First Newman refers to the “positive or negative unbelief of Laplace, Buffon, Franklin, Priestley, Cuvier, and Humboldt.” In the Middle Ages there was antagonism towards Bacon, Pope Sylvester II, and St. Virgil of Saltzburg. The antagonism between experimental science and theology, however, goes as far back as the ancient Greeks.
According to Bacon, physics must be excluded from religious investigations and vice-versa. Newman writes about this autonomy of the sciences: “If the theologian, in tracing the ways of Providence, were stopped with objections grounded on the impossibility of physical miracles, he would justly protest against the interruption; and were the philosopher, who was determining the motion of the heavenly bodies, to be questioned about their Final or their First Cause, he too would suffer an illogical interruption.”

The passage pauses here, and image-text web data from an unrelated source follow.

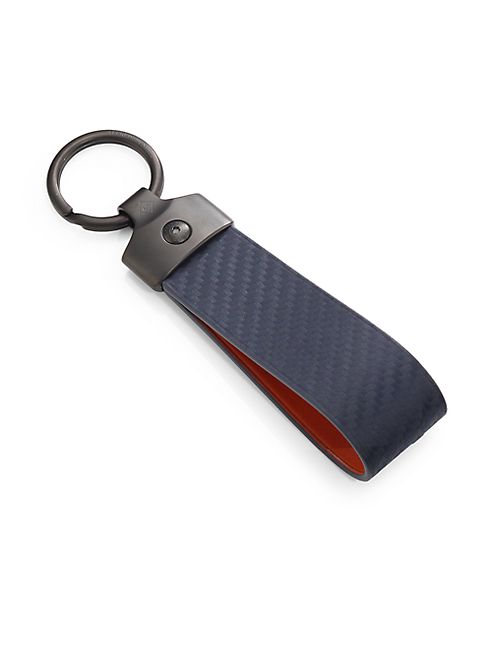 dunhill - Chassis Leather Keyfob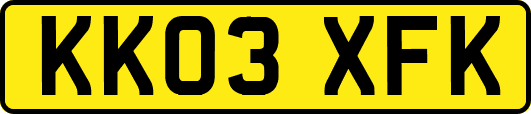 KK03XFK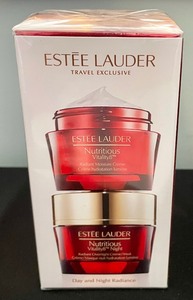 lot 328 image: New Estee Lauder Bronze Goddess and Nutritious Vitality 8 Day and Night Creams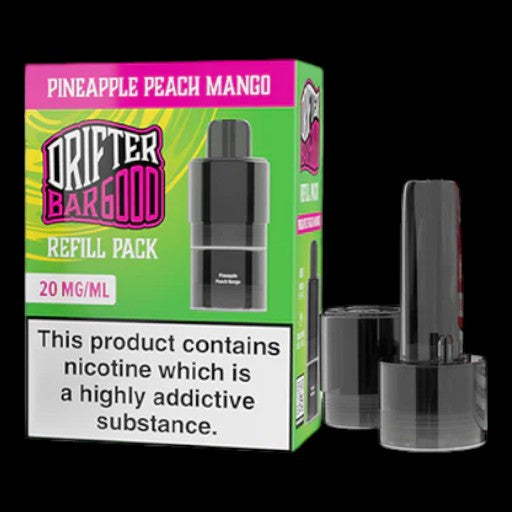 Pineapple Peach Mango- D Refill - prime2vape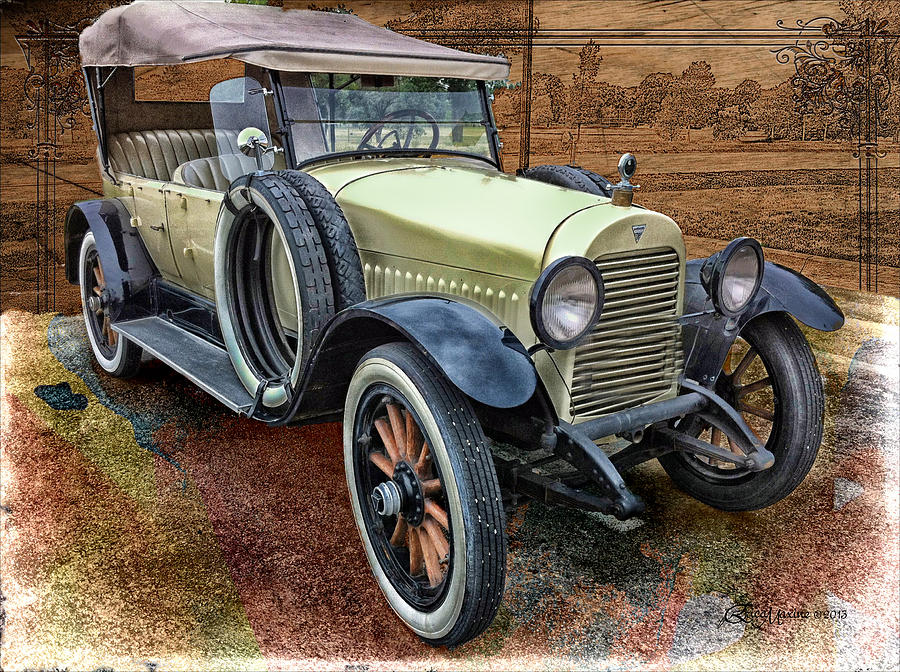 1921 Hudson-Featured in Vehicle Enthusiasts and Comfortable Art and ...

For Bacon, science is in a certain sense atheistic. He objected to the metaphysical considerations Aristotle and later Galen gave to physical matters. Newman describes the prejudice of scientists (physical philosophers) towards theologians: “on the one hand, their deep satisfaction in the laws of nature indisposes them towards the thought of a Moral Governor, and makes them sceptical of His interposition; on the other hand, the occasional interference of religious criticism in a province not religious, has made them sore, suspicious, and resentful.”
With regards to methods Newman writes: “Induction is the instrument of Physics, and deduction only is the instrument of Theology.” God revealed himself and many other truths to man, giving the Apostles a unique role in the transmission of these truths and giving the Church the sole authority to sanction the interpretation of these truths. The method used in theology is that of deduction. The school of Bacon, superseded this method with regards to the physical sciences with the method of induction and thus it was “no wonder that the very force and dazzling success of their own method in its own departments should sway or bias unduly the religious sentiments of any persons who come under its influence.”